See? Everything you need to know. But wait. A few things don’t fit. Their supposed New York sound was actually born in the backend of LA (which particular snook they happily cock in album opener NYC Moves To The Sound of LA). They’re named after The Cure‘s The Funeral Party – a surprisingly maudlin counterpoint to their apparently wafer-thin reference bank. At least two of them have moustaches. And actually they only use the cowbells a little bit.

Oh, and they’re fantastic live. Because while their debut album’s one defining proof is that only Julian Casablancas really knows how to write a Strokes song, Funeral Party’s live show is definitively their own creation.

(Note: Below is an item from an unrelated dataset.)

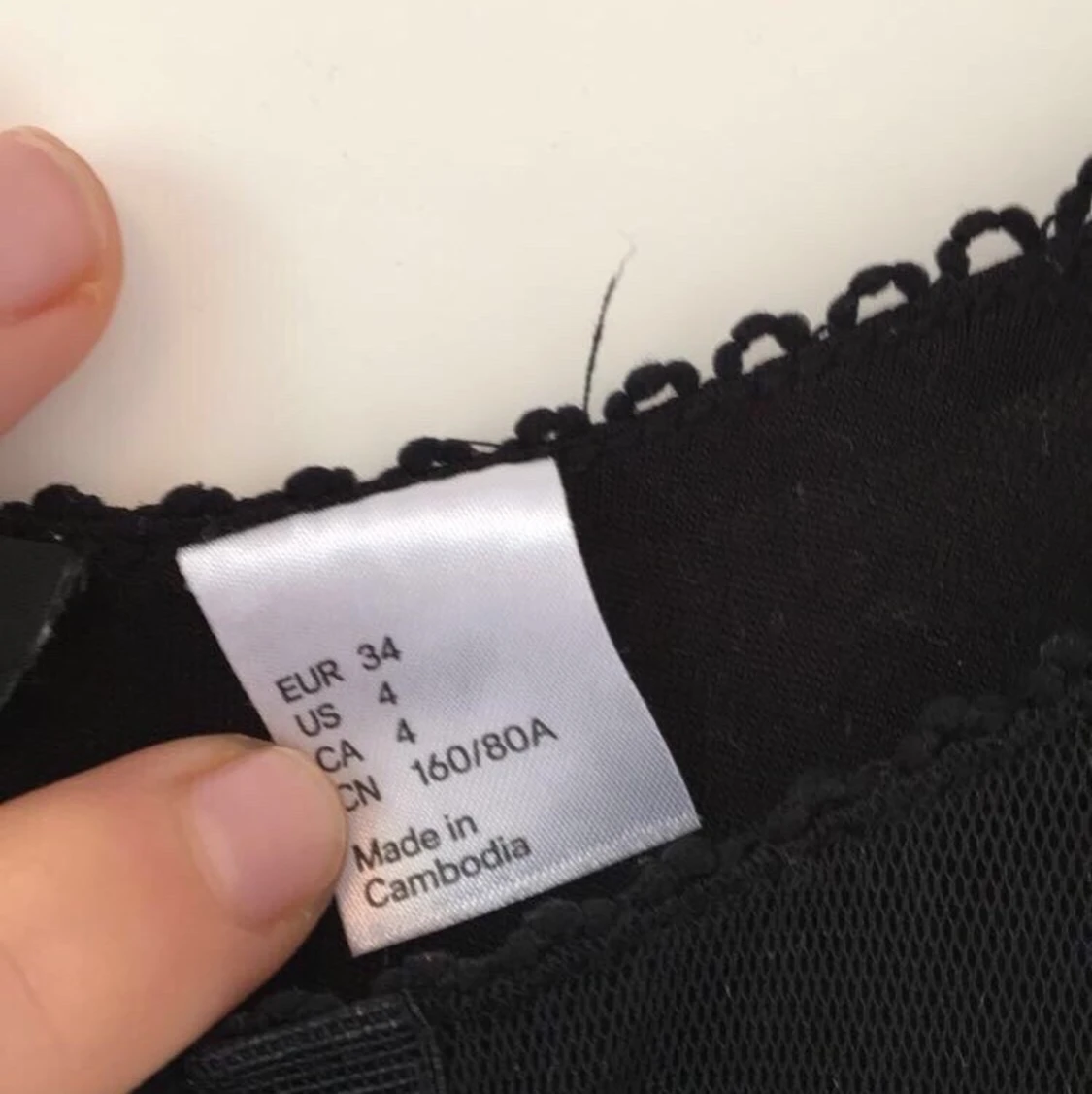 Svart klänning - 91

From the off, Audio heaves and seethes with an unlikely alchemy, finding that an energy that seemed precocious on record turns visceral when kettled in a Brighton basement. Kimo Kauhola’s bass leads the line – brash, punchy, and breathing life into the previously trite single, Finale. And where there’s usually reedy adolescence, Chad Elliot’s vocal has a rabble-rousing grit on fan-favourites Chalice and NYC Moves – the choruses sung back with a fist-punching glee that wouldn’t be out of place in Tahrir Square. Sure, Funeral Party are lacking in the overthrow-of-dictators department, but so far Cairo is behind on the moshing and crowd-surfing stakes – somehow in abundance here despite Audio’s bijou quarters.

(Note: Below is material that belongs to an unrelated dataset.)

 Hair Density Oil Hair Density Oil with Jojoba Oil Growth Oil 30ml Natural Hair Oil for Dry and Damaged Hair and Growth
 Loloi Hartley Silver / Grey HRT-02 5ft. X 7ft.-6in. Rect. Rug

What can sound lightweight about Funeral Party tonight seems pacey and insouciant – the kind of riff-laden, rollocking noise beloved of Dananananaykroyd; and with a grit that leans to Pulled Apart By Horses, all hollered choruses, well-placed distortion, that surprisingly melodic durge. In short, somehow, miraculously, more than the sum of its Rapture/Strokes parts.

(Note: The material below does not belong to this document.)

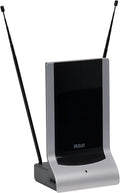 Indoor HDTV Antenna with SmartBoost Technology - 4K Ready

And yet, there’s still something lacking. More standout tracks are definitely needed because, while Funeral Party are engaging throughout, there are few genuine high points. And the truth is, good as they are with a few hundred teenage acolytes to pander to, it’s hard to see where they go from here. And they seem to know it. There are moments tonight when Elliot simply stands exhausted, shaking his head as if at breaking point, suggesting they’re doing all they can just to reach this point. And if so, they’re sunk. Plugging this sound in 2011 will be an unlikely sell, and there’s only so far you can go with a three year old album and a handful of Strokes covers.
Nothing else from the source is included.